Davol : That was a creative vanity project that appealed to me at the time. And I had never done a video and wanted to learn how to create and edit video. Needless to say, THAT took a great deal of time, but was fun. That was back in 2007 and there was so much political discontent in the US, that I wanted to take a few steps backward and comment on the fact that so much of our “reality” is based on media stories that, for all we know, may have very little to do with the truth. If the past is any judge, everything should be suspect. But we pick and choose, deciding that story “x” is reasonable and we believe it, but story “y” is crazy and we reject it. We do this in history and have created a revisionist history that is written into textbooks. If we know that about history, why don’t we view current events reporting with the same skepticism? So, to return to your question, my focus wasn’t so much on the current politics of the time, but taking a glimpse at the last 100 years or so of US history, in particular.

John : Do you plan to release more CD albums and song videos in addition to the current ones featured on YouTube, and I ask this half joking Davol, but do you consider yourself a political activist in a sense after the Truth Video?
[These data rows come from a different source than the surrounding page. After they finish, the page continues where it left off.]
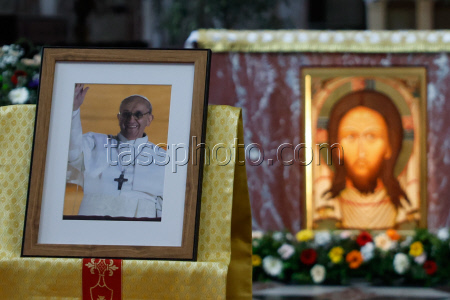 Pope Francis dies at the age of 88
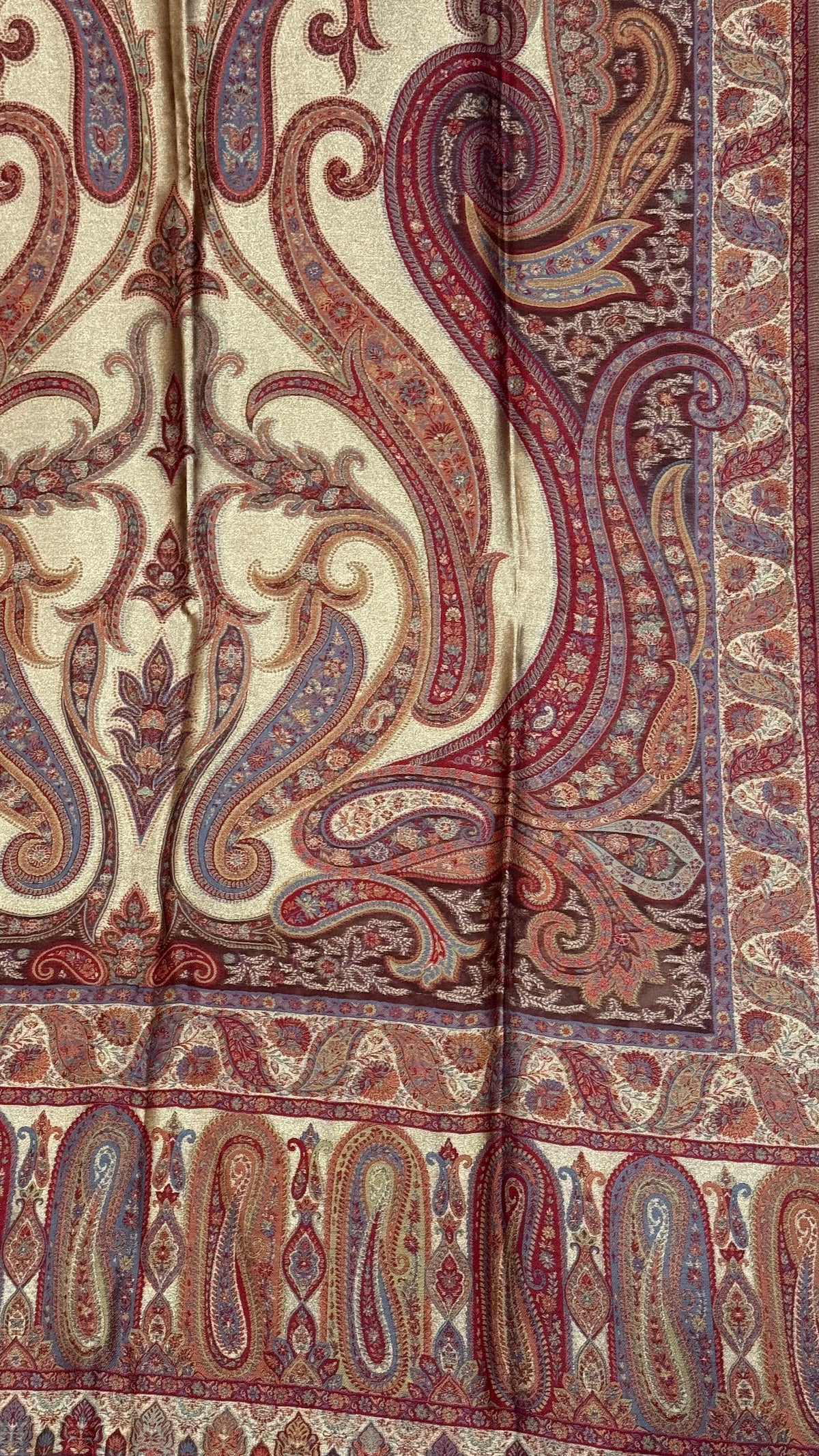NOOR-E-KANI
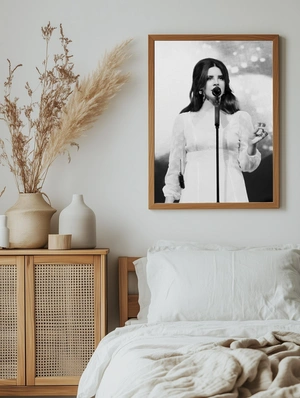 Портрет Lana Del Rey с микрофоном - 5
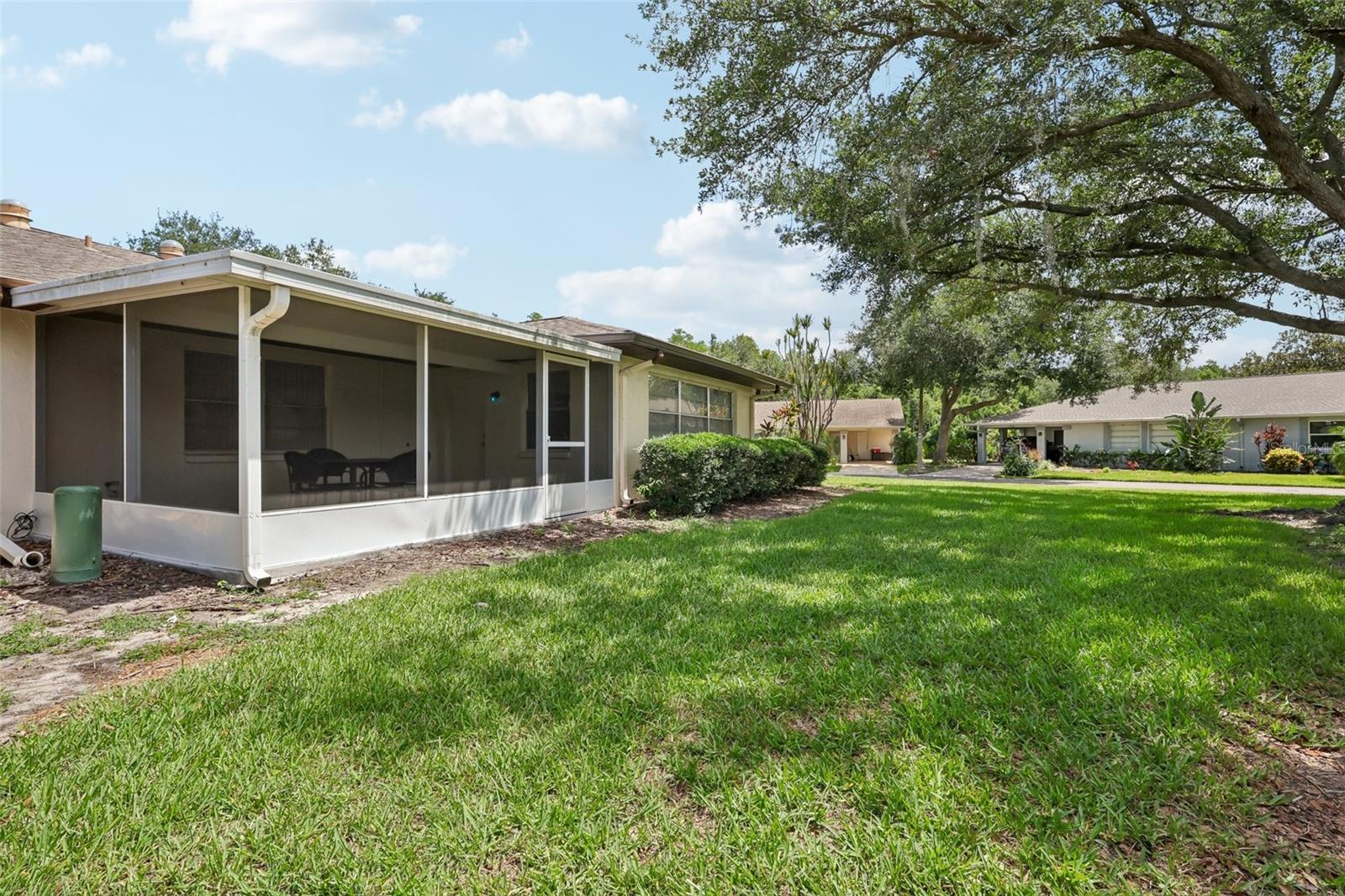 2017 HAMPSTEAD CIR, SUN CITY CENTER, FL — photo 33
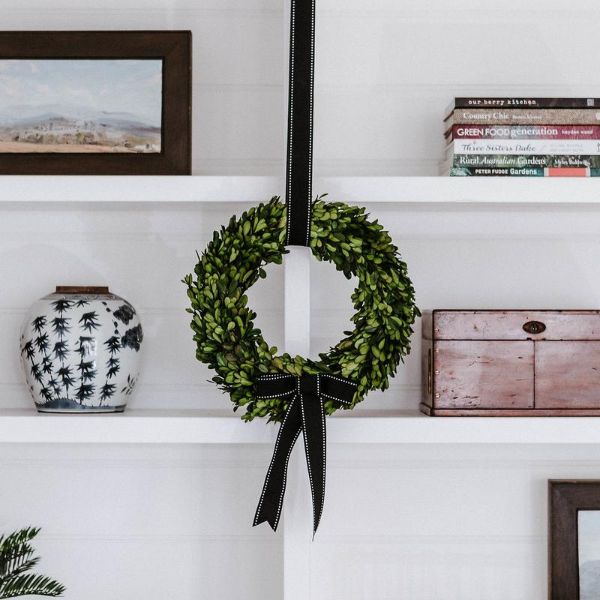Hamptons Home Preserved Boxwood Christmas Wreaths | Hamptons Home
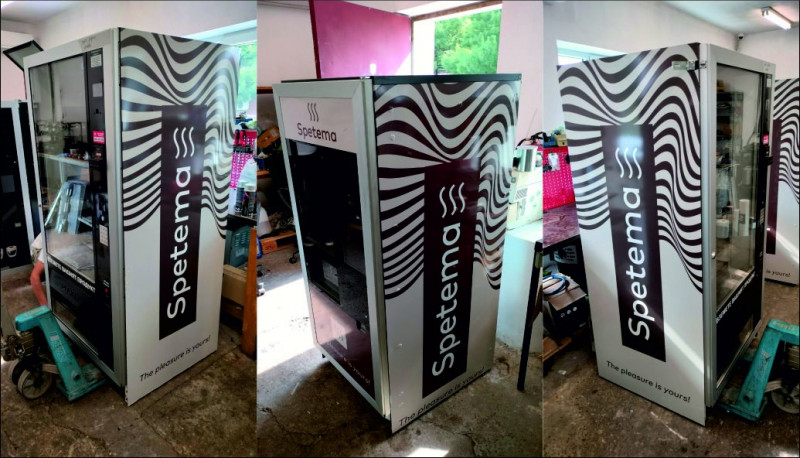 Брандиране на лот от хладилни витрини за марка Спетема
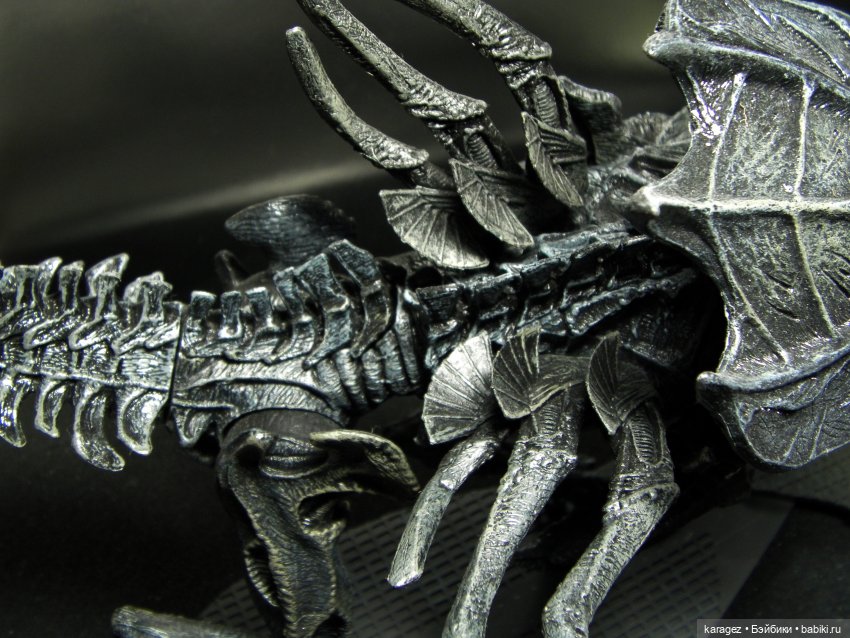 Коллекционная фигурка королевы монстров из фильма ALIENS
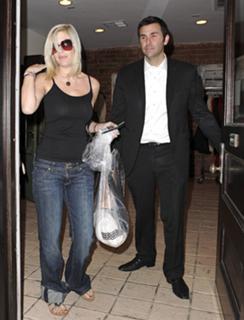 Tori Spelling feet photo thumbnail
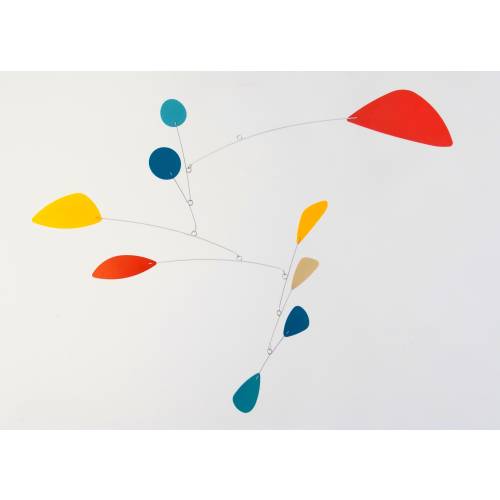 Móvil moderno de mediados de siglo, escultura móvil colgante en varios colores (rojo, amarillo y azul). Totalmente de metal. 71 x 56 cm. Ideal para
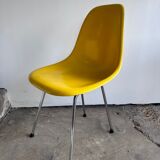Fiberglass chairs from Ray&Charles Eames for Herman Miller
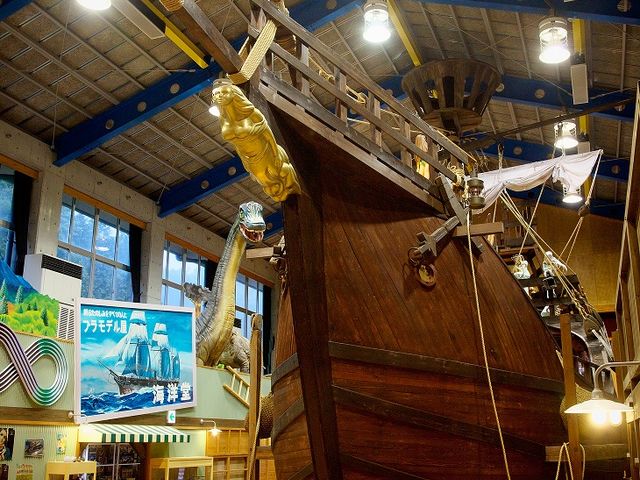 扉を開けると、すぐに大きなカタロニア船の展示室がお出迎え!
館内も写真OK!なので、バシバシ撮って思い出を残そう♪_海洋堂ホビー館四万十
Davol : No more politics! Read my lips! 🙂 I really want to focus on what I do best, simply write music. And that is where my heart and head truly reside. So, no more detours or distractions from the music.

Videos take so much time, that I don’t care to be involved in that either, although others are certainly welcome to consider such a project using my music – I’m open to that. Albums are definitely my focus for the future. As for CDs, well, they will soon be obsolete 🙂

John : It has been a pleasure to meet you Davol. B.T. Fasmer and I will keep our visitors informed on the latest news about you so let’s keep in touch. Before we go today, is there anything you would like to tell your fans or bring up that we haven’t talked about?

Davol : I came so close to abandoning my music career before the A Day Like No Other album, that I just want to thank everyone over the years who has emailed me or left a comment on my Guestbook page. It is truly those supportive words, stories of moments in people’s lives where my music touched their hearts that have kept me creating. I thank you all, and hope to keep providing music that will intrigue and touch listeners in a meaningful way.

John and B.T. Fasmer, thank you so much for supporting independent artists and this opportunity to share with fans.

We encourage our visitors to learn more about Davol and the place to find him is his davolmusic.com website homepage. Read his biography page and go to his music page to purchase / sample. Read my review of Good Sign by Davol.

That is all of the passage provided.